On Mon, 15 Aug 2011 16:19:44 +0100, <ned+ima@mrochek.com> wrote:

>> On Sat, 13 Aug 2011 23:08:48 +0100, <ned+ima@mrochek.com> wrote:

>> Yes, but you have to consider all the other protocols using mail-like
>> formats and their use of the Message-ID.
>
> These protocols don't make use of email addresses?

Some do some don't. In Netnews they are not used except to reply to the  
author or an article by email.

>> For exmaple, if EAI were to be
>> carried over into Netnews (quite a likely development) it would NOT be
>> regarded as a "new message format" since the transport paths for Netnews
>> are already 8-bit clean and it would simply be necessary for those who
>> wish to take advantage of the new facilities to ensure that their user
>> agents were suitably upgraded. There will never be a need for
>> "downgrading" except at gateways back into the email system.
>
> And all netnews applications properly handle the construction and  
> display of
> utf-8 addresses in message headers? Just as one example, netnews already
> suports the proper form of Unicode normalization on input for this.  
> Right?

No. If you want to participate in newsgroups where strange characters are  
likely to be used, then you need to ensure your MUA has the necessary  
capability. That's your problem.
>
> An 8-bit clean transport is nowhere near sufficient to accomodate the  
> other
> changes to the format we're making here. Message ids are actually the  
> least of
> it since they are machine generated.

It is sufficient for the existing Netnews transport to deliver articles  
with utf-8 headers to participants; its their problem to get them  
displayed. The only two headers that are necessary in the transport layer  
are the Newsgroups header and the Message-ID. It has already been  
demonstrated that a Newsgroups header with utf-8 will be delivered  
correctly, but a standard would be needed to ensure proper normalization.  
The Message-ID is crucial to the correct operation of the Netnews  
transport, and the effect of using utf-8 in it has not been investigated  
(but should be). It is expected that some ancient transport agents might  
not like it but even that might not be a show stopper, since Netnews is  
very good at navigating around such obstacles.

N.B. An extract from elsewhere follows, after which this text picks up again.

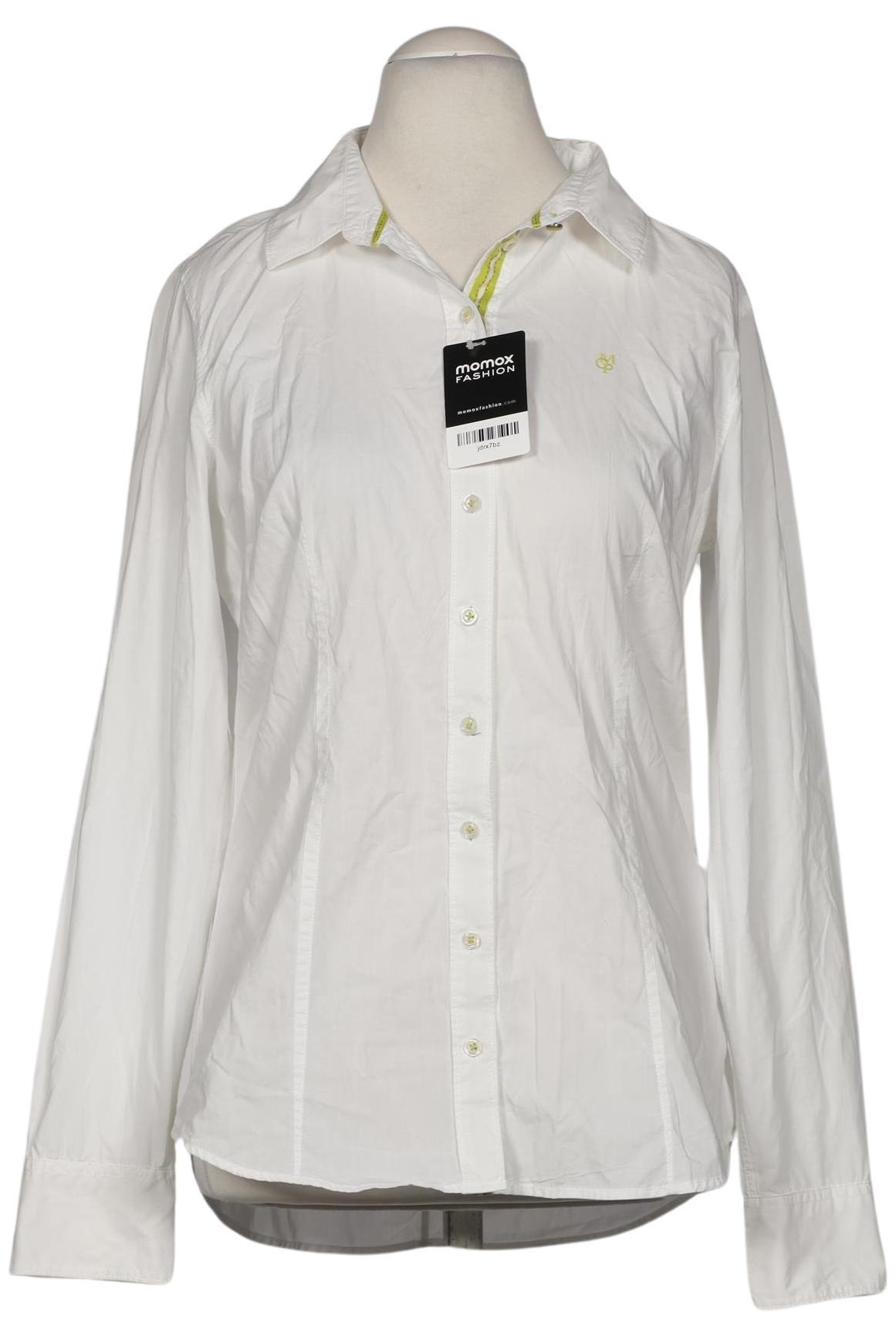 

Marc O Polo Damen Bluse, weiß, Gr. 38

> I'm sorry, but the entire approach of this WG is to define a format that  
> is NOT
> downgradeable to previous formats without substantial information loss.

Utter rubbish!

We are not designing a protocol that goes out of its way to make  
downgrading impossible. We are designing a protocol in which downgrading  
is not REQUIRED to be possible, but we should still avoid putting  
unnecessary obstacles in its way.

And, as I have said, in Netnews downgrading is not an issue (except at  
gateways out of Netnews).

Returning now to email, the Message-ID is only important when used in the  
References and In-Reply-To headers, where is is generally used by MUAs for  
threading purposes. So the worst that can happen if Message-IDs get  
garbled in transport is that threading fails to work.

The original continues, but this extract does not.